Sayangnya, dia tidak akan pernah menyaksikan hasil persidangan. Ketika Duch 69 tahun dijatuhi hukuman penjara seumur hidup karena kejahatan perang pada Maret 2012, Nath sudah meninggal. Menderita penyakit ginjal yang parah, artis menghabiskan tahun-tahun terakhir hidupnya menjalani perawatan dialisis sebelum dia meninggal pada September 2011.

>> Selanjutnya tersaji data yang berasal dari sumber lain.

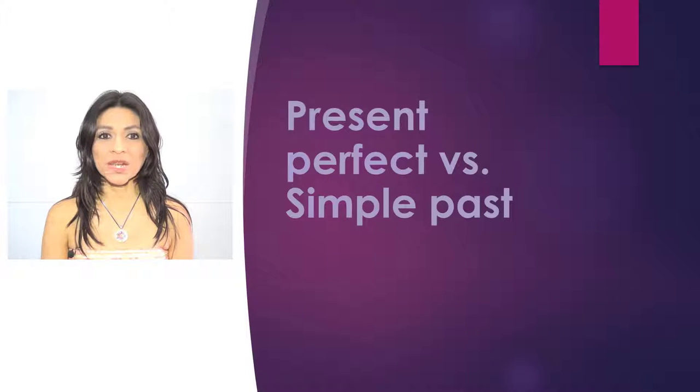Hi, are you ready to use two tenses at once? Stay and learn how to use Present Perfect vs. Simple Past.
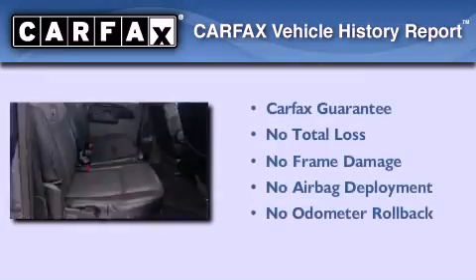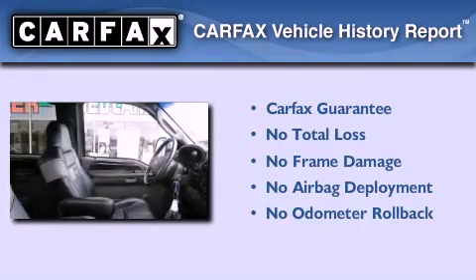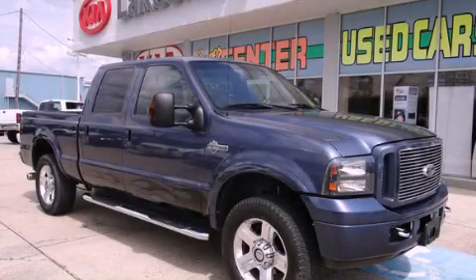Not to mention that this Ford qualifies for the Carfax buyback guarantee. We invite you to contact us today to learn more about this vehicle.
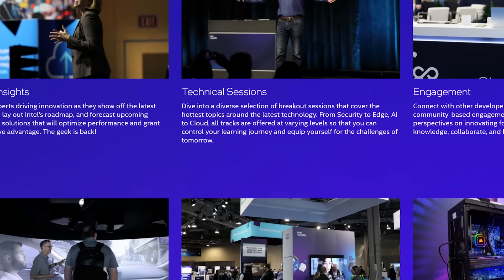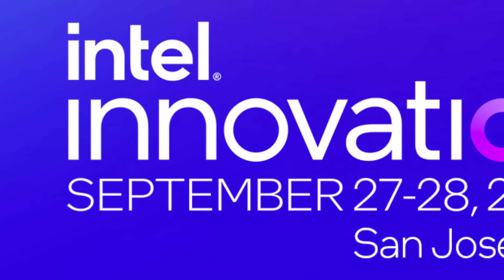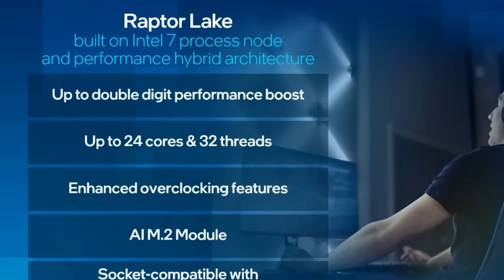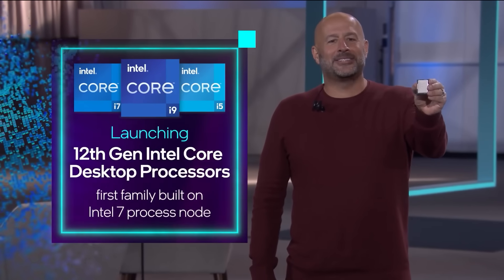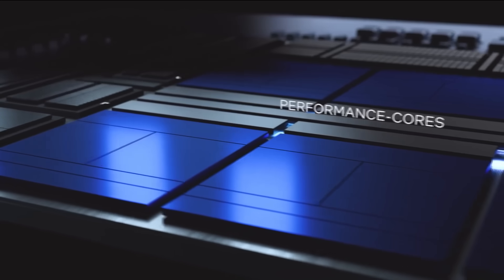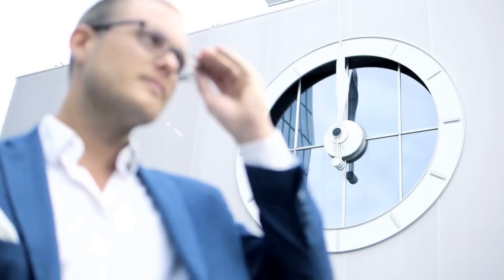They're going to have tech sessions, demos, and even technology showcases. Speakers include the company's CEO, Pat Gelsinger, and more. The event is scheduled for September 27th through the 28th, which is right around the time we expected a 13th Gen CPU announcement. It was their Innovation Event where Intel announced their 12th Gen CPUs. Of course, the actual release likely won't take place, but dates for the launch could be given. Time, as always, will tell.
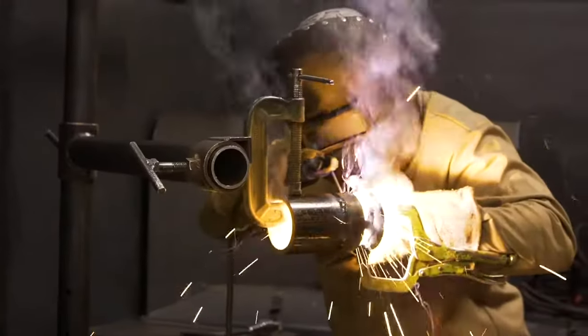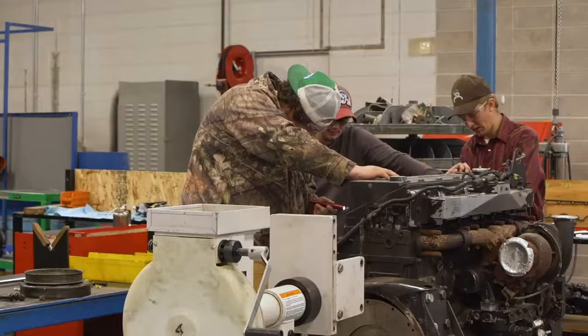Behind me is the Technical Center. It's one of our newest buildings on campus, and it's got state-of-the-art classrooms and shops for welding students, construction technology students, diesel technology, and a few other programs.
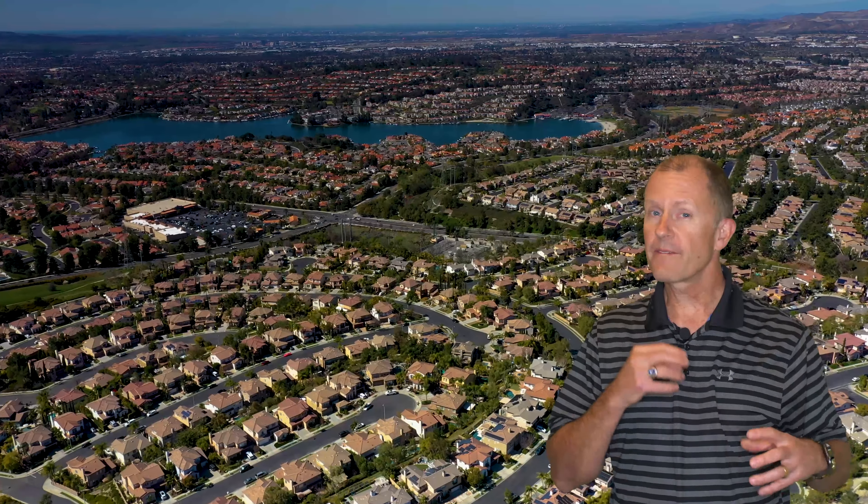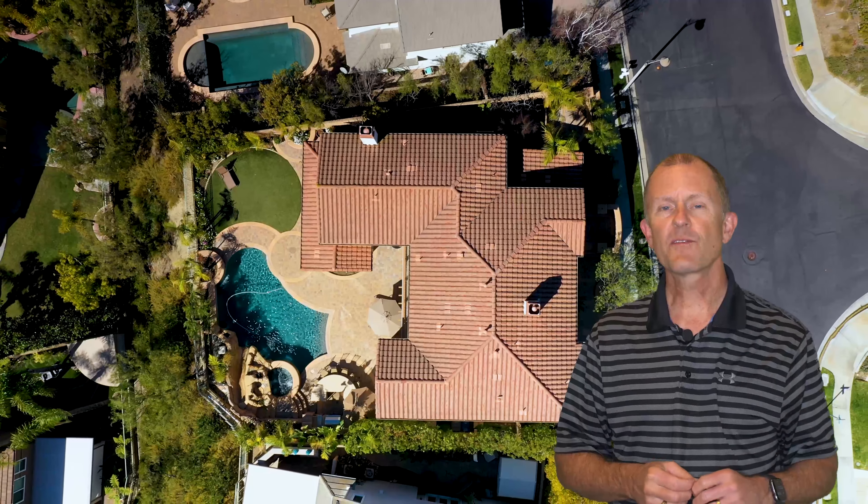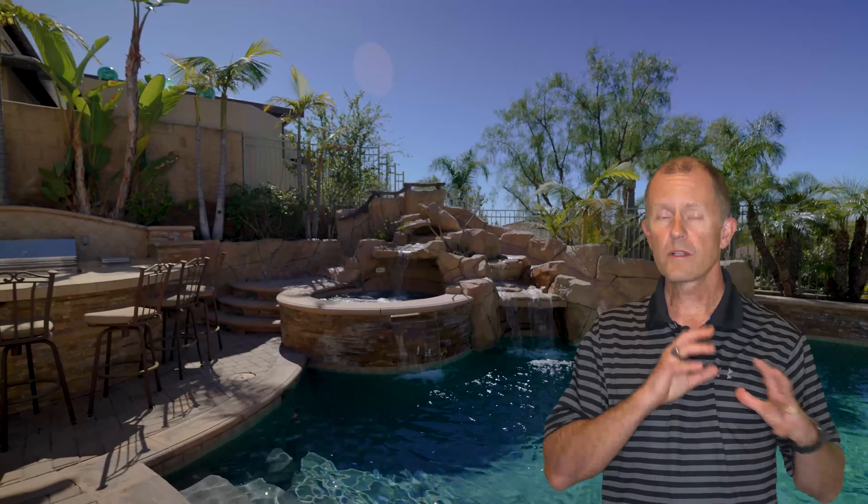Are you looking for a gated home with a fabulous floor plan, lots of space? Well, 22971 Stone Ridge features over 3300 square feet of fabulous living. There's five bedrooms plus a loft area that's perfect for an office or homework area. The rock pool is fabulous, built-in barbecue and views of Lake Mission Viejo. Let's check it out.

Sara Colm, peneliti senior untuk Human Rights Watch, menggambarkan Vann Nath sebagai 'suara hati nurani bagi Kamboja'. Bakat seninya menyelamatkannya dari kematian dan benar-benar diakui ketika ia memperoleh Kesatria Seni dan Budaya di Perancis di 2004. Selain itu, Vann Nath menerima Penghargaan Hellman / Hammett yang bergengsi untuk Penulis yang Teraniaya di 2003 dan 2006, dan karyanya dipamerkan di Documenta (13) di 2012. Seniman tidak pernah menyerah mengecam kekejaman Khmer Merah, jadi sadar dia bahwa sejarah cenderung berulang. Jika hanya untuk menghormati komitmen yang kuat terhadap keadilan yang dia tunjukkan sepanjang hidupnya, kita juga tidak boleh lupa.